In an effort to raise campus awareness of the Development, Relief and Education for Alien Minors Act, which failed to pass through Congress last month, Chicano culture group MEChA held a teach-in Wednesday afternoon on College Green.

The DREAM Act would provide a means for undocumented students to achieve permanent resident status and would be a “wonderful first step” toward alleviating the challenges faced by undocumented students, according to professor Emilio Parrado, who spoke at the teach-in.

“There’s no reason that can justify restricting access to education to undocumented children and holding them accountable for an act their parents committed,” said Parrado, a professor of sociology and associate director of Penn’s Population Studies Center.

According to Parrado, this is a “very difficult” time for immigrants in America.

“There have been periods throughout history of denying basic rights to certain groups and not thinking about the long-term consequences,” Parrado said. “It is difficult to convince people that we’re living in one of those periods.”

Parrado was joined by two undocumented college students, who discussed the challenges of attending school without legal residency status and the importance of the DREAM Act in helping future generations avoid the problems they faced.

Though Maria Marroquin immigrated to the United States from Peru when she was 13, she is forced to pay international fees to attend Montgomery County Community College. Marroquin is the co-founder of, a website that helps undocumented students.

“We cannot sit around and wait for politicians to act,” Marroquin said. “We need to act ourselves.
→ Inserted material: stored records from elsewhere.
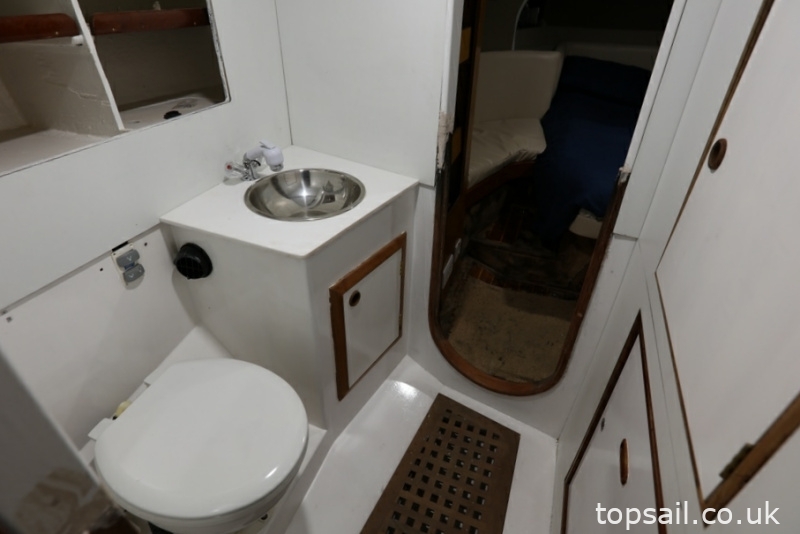 1987 Oyster 406DS (Deck Saloon)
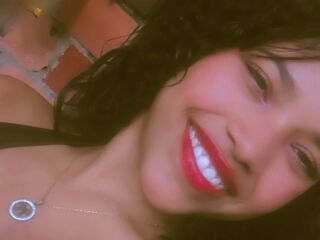 camgirl webcam sex pic BrianaMarin
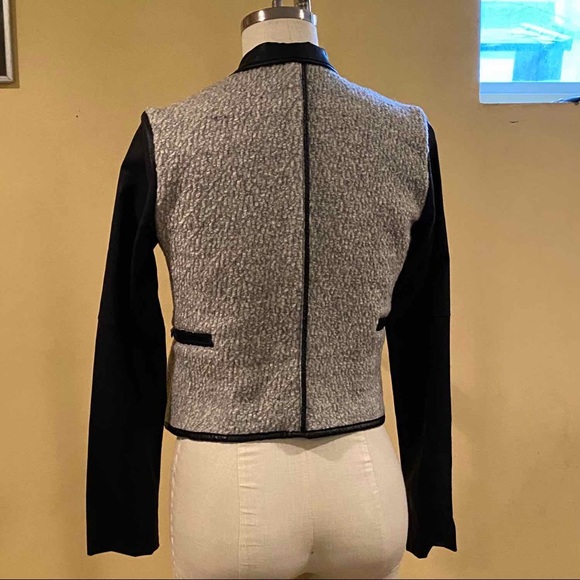 Blank NYC Grey Wool Jacket with Vegan Leather Detailing and Sleeves - Picture 9 of 12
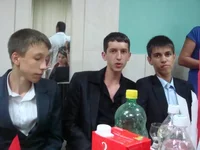 x_b3128e2c.webp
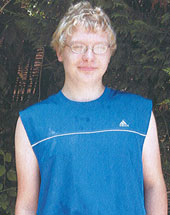 Ronnie - 17, M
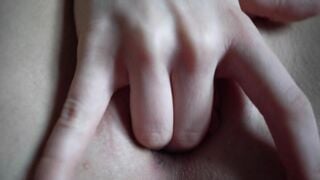 CLOSEUP SCHOOL GIRL GETS ORGASM - DELUXEGIRL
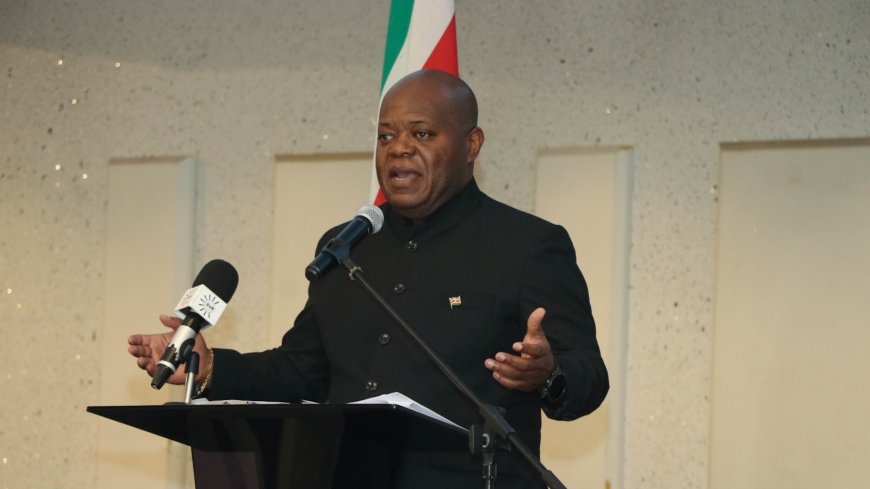 Bee zet duidelijke koers uit voor hervorming ambtenarenapparaat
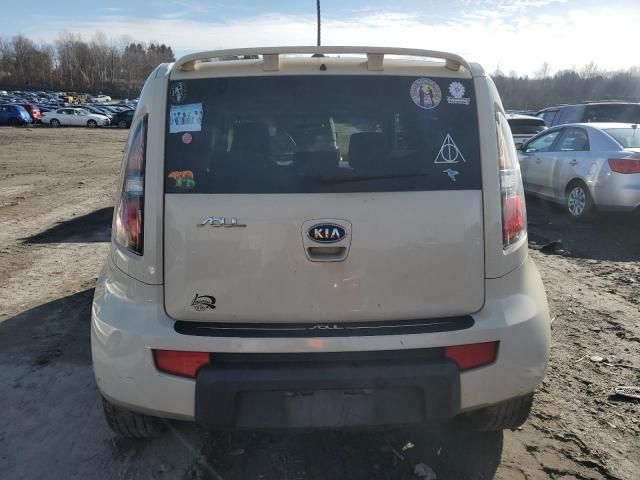 2010 KIA Soul +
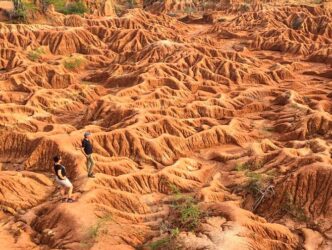 Personen wandern durch die Roten Felsformationen in der Tatacoa-Wüste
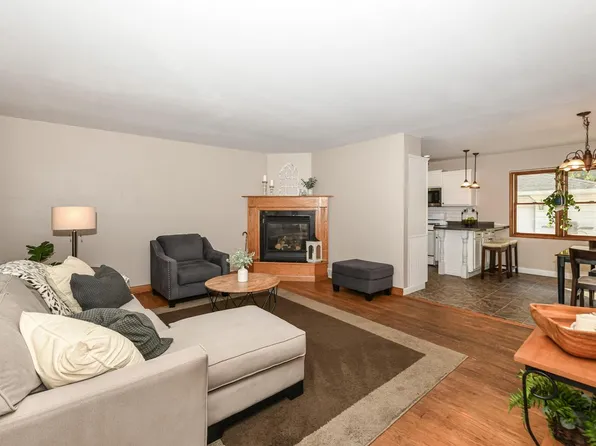 16151 West Top-O-HIll DRIVE, New Berlin, WI 53151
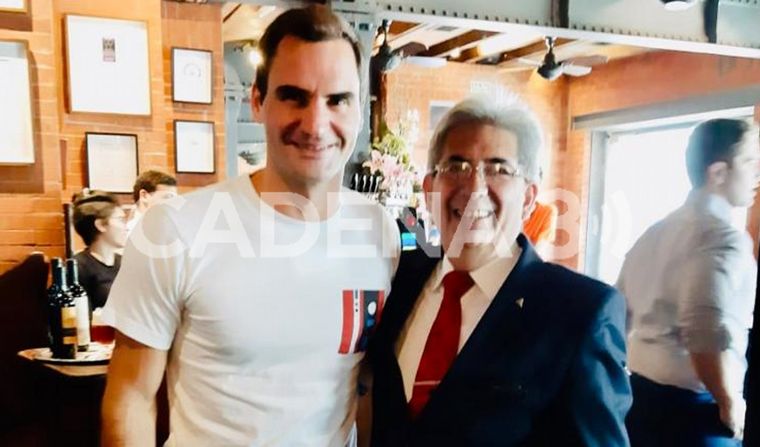 AUDIO: Federer aprovechó su paso por Argentina y comió asado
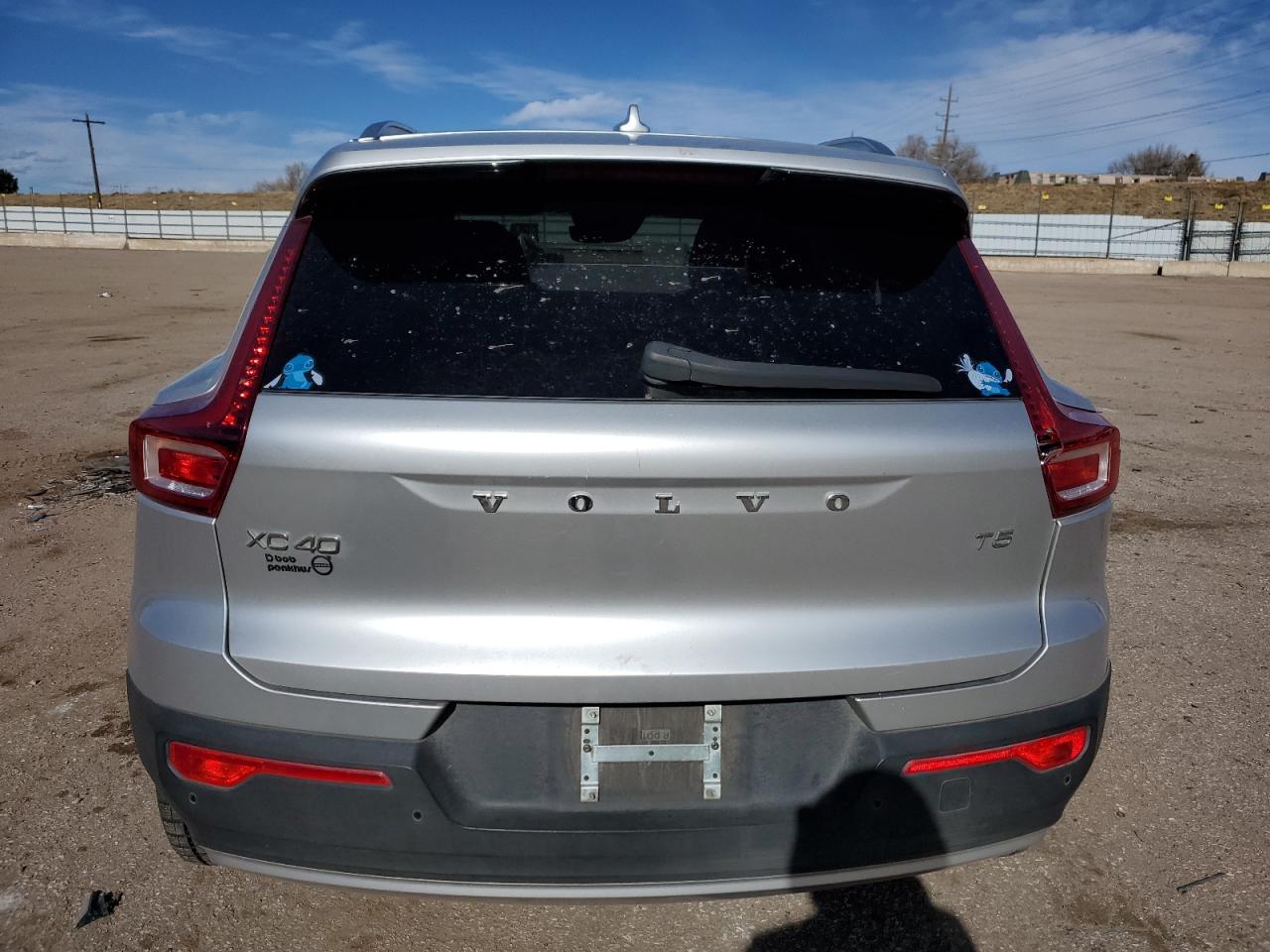 VOLVO XC40 T5 MOMENTUM 2019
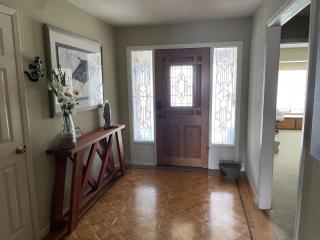 Discovery Bay Home on fast water - 2,400Sq ft - 9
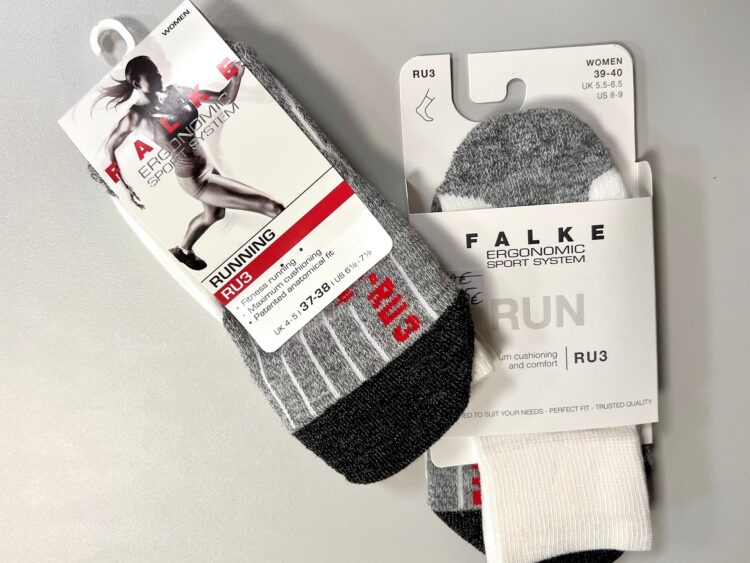 AKCIA: Dámske bežecké športové ponožky FALKE Running Ergonomic RU3 white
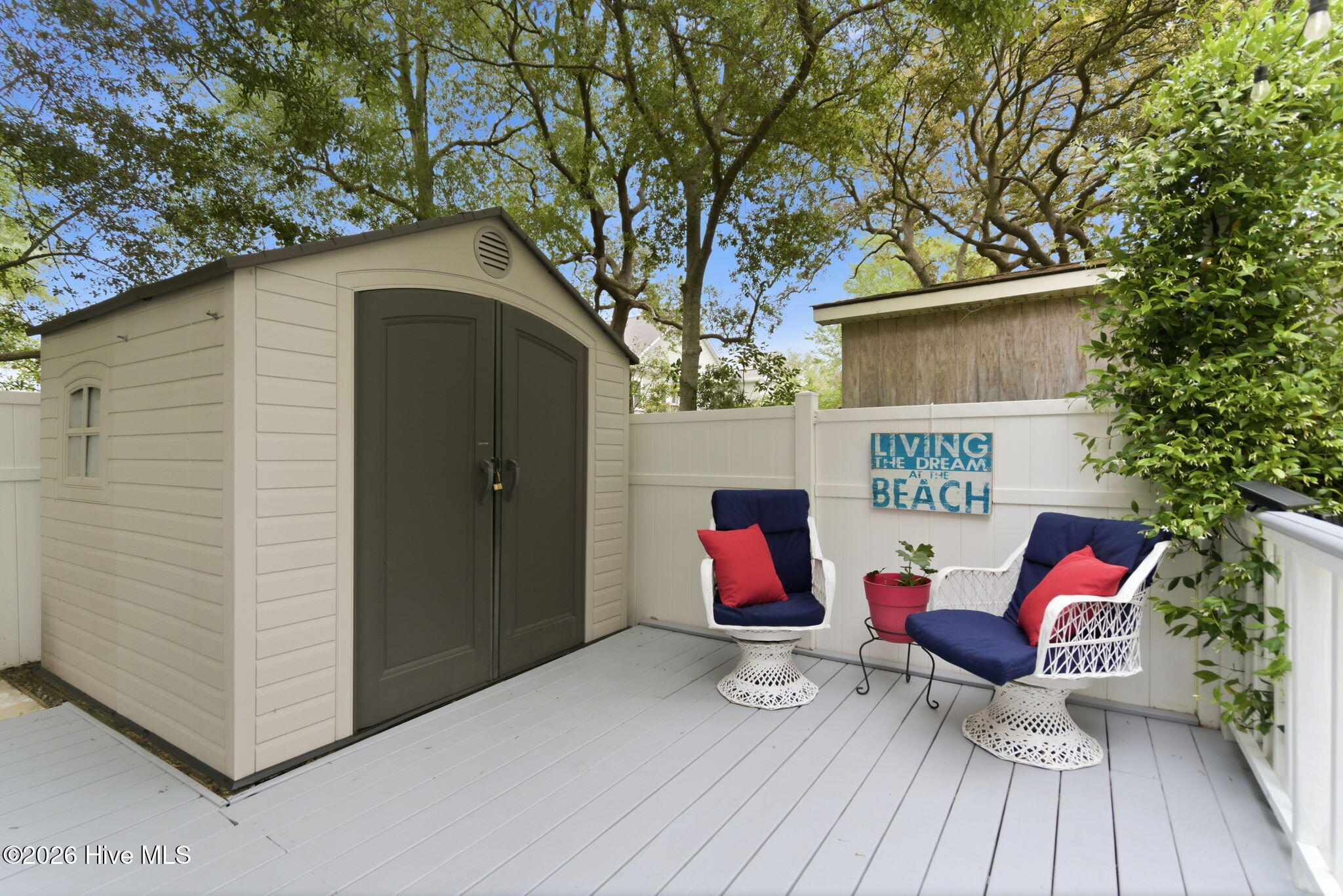 100570095 | Photo 30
We have come out as undocumented and unafraid.”

Above all, MEChA hopes the event helped to raise awareness of the situation.

“We hope that it put things in perspective,” MEChA’s East Coast Chicano Student Forum representative and College sophomore Kareli Lizarraga said. “This is an issue that affects all of us, considering that thousands of students in the United States are facing this dilemma.”

MEChA president and College junior Rosie Brown hopes people came away knowing that the DREAM Act is still a possibility, despite the setback.

“We’re trying to get more support for the undocumented students that are here,” Brown said. “We got a letter of support [for the DREAM Act] from [Penn President] Amy Gutmann, but we’re hoping for more and more tangible support.”

MEChA plans to hold more teach-ins in the future and to organize phone calls to senators to voice support for the act, Lizarraga said.